# help!!! 5901 manual car problem!



## lazyrichi3 (Nov 4, 2011)

Hey guys,

I've been using a viper 5901 on 2 manual cars now. Everytime I get out of the car, I would have to do some sequence inorder to auto start the car. But the problem I am having with this one is that whenever my alarm goes off, I would not be able to autostart the car again... Is there a setting I can change? My other car does not have that problem. It can go off as mcuh as it ones but I can still auto start it... I need help guys!

Thanks in advance.


----------



## lazyrichi3 (Nov 4, 2011)

It can go off as much as it wants but I can still auto start it... I need help guys!*


----------



## jaggerwild (May 21, 2007)

lazyrichi3 said:


> Hey guys,
> 
> I've been using a viper 5901 on 2 manual cars now.
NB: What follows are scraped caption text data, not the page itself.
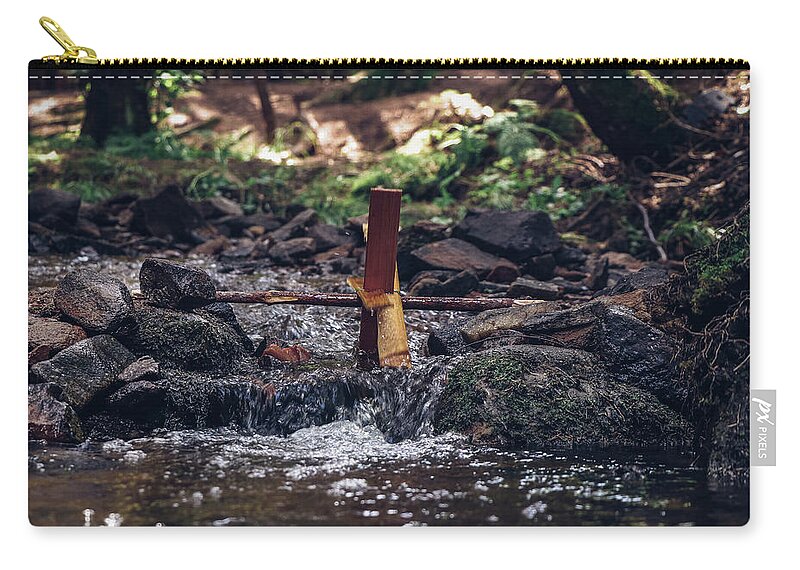Generate Carry-all Pouch featuring the photograph Wooden mill driven by a river by Vaclav Sonnek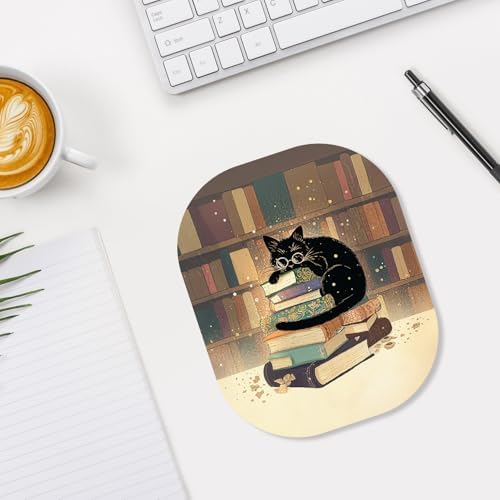 Small Mouse Pad, 6 x 7 Inch, Oval Mini Mouse Pad with Non-Slip Rubber Base for Laptop Wireless Mouse Keyboard Tray Mousepad, Glasses Cat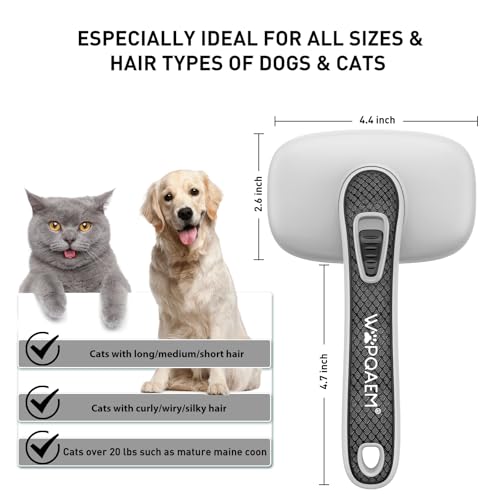 WOPQAEM Cat Brushes for Indoor Cats,Skin Friendly Cat Brush for Shedding & Grooming Brush for Long or Short Haired Cats, E...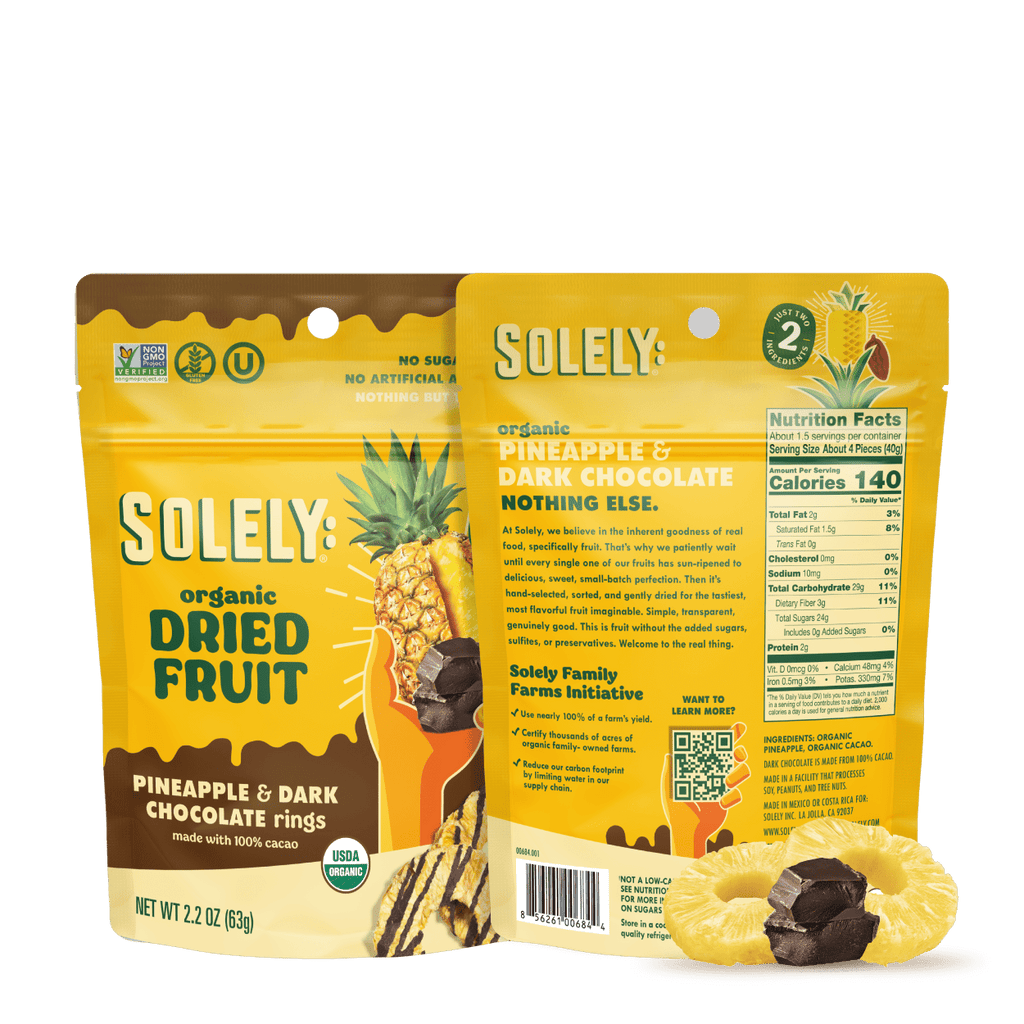 Organic Pineapple Chocolate Drizzled Rings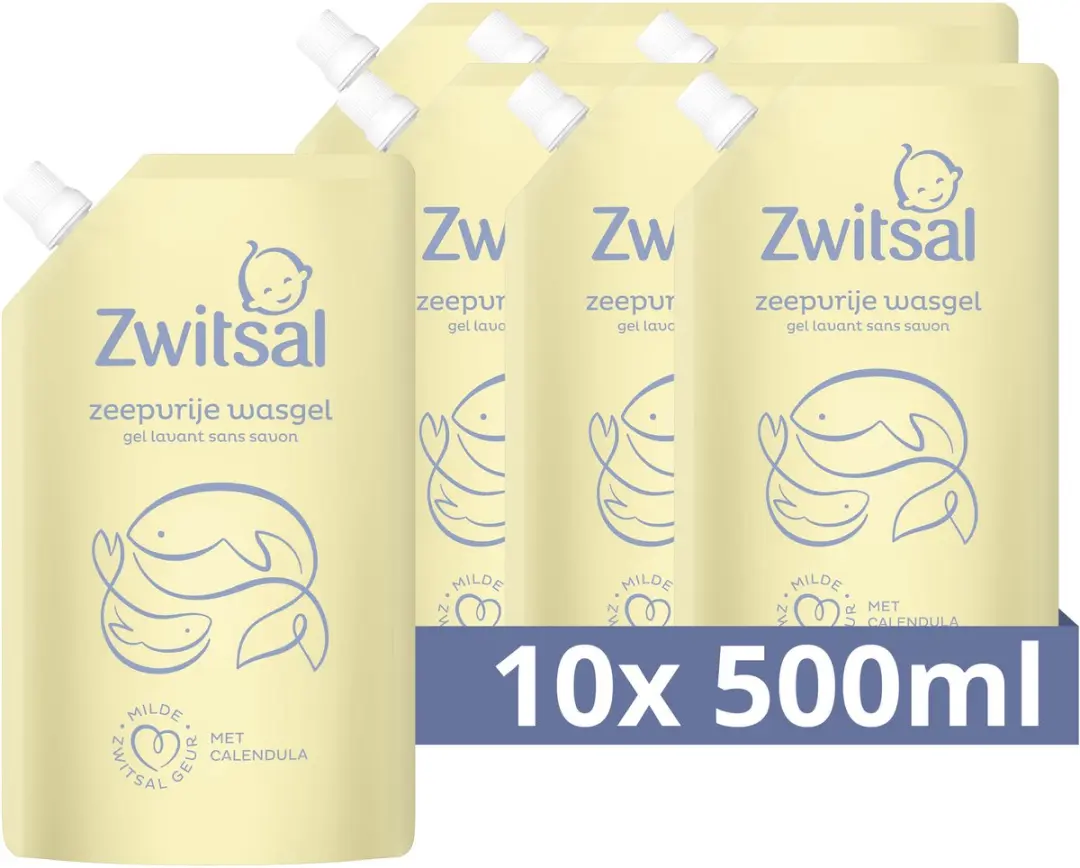 Zwitsal Zeepvrije Wasgel Navulverpakking 10x500ml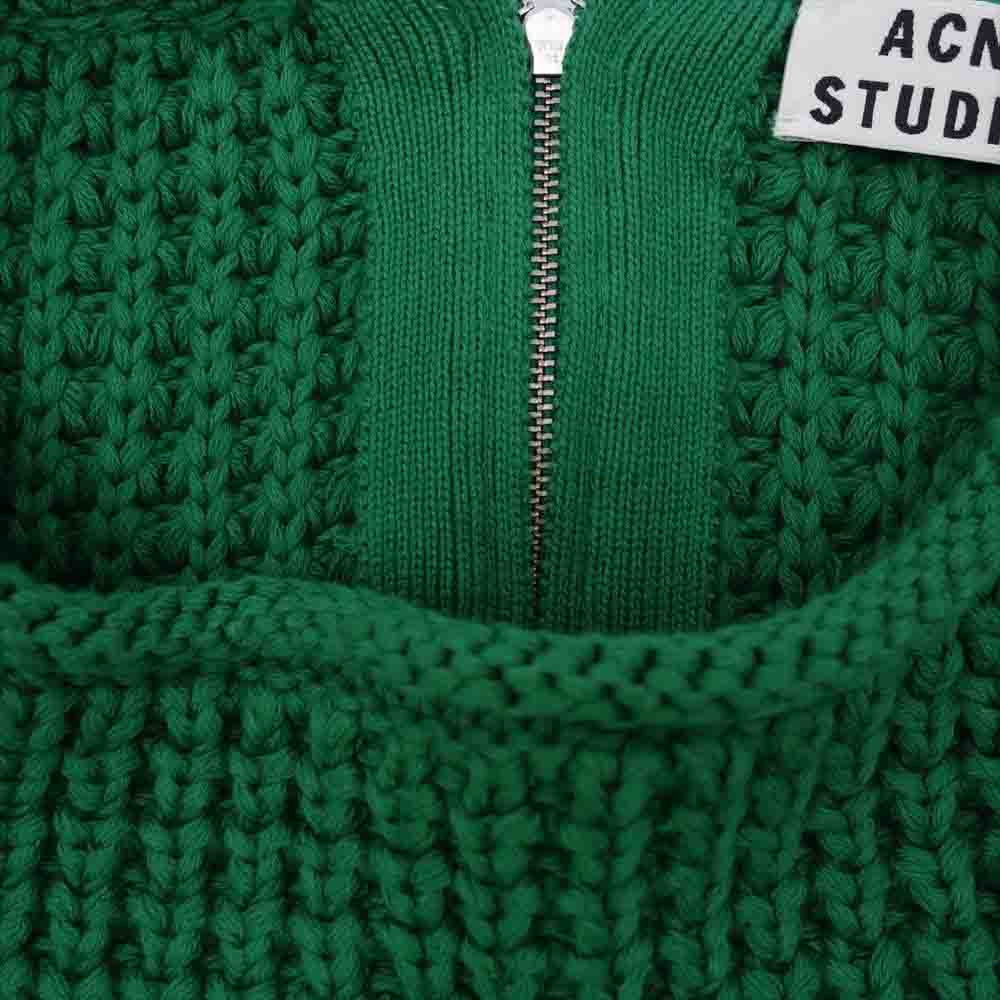 ACNE STUDIOS アクネストゥディオズ バックジップ コットンニット ワンピース グリーン グリーン系 XS【中古】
Everytime I get out of the car, I would have to do some sequence inorder to auto start the car. But the problem I am having with this one is that whenever my alarm goes off, I would not be able to autostart the car again... Is there a setting I can change? My other car does not have that problem. It can go off as mcuh as it ones but I can still auto start it... I need help guys!
> 
> Thanks in advance.


 Have you tried arming it to see if it will start then?


----------



## lazyrichi3 (Nov 4, 2011)

jaggerwild said:


> Have you tried arming it to see if it will start then?


 
Well once i do the proceedure, i would have an icon on my lcd. once the alarm goes off, i shut it off. the icon would go away and if i tried to auto start it, it would have an error.


----------



## jaggerwild (May 21, 2007)

lazyrichi3 said:


> Well once i do the proceedure, i would have an icon on my lcd. once the alarm goes off, i shut it off. the icon would go away and if i tried to auto start it, it would have an error.


 You need to find out why the alarm is going off and stop it then, go back to where they installed it.


----------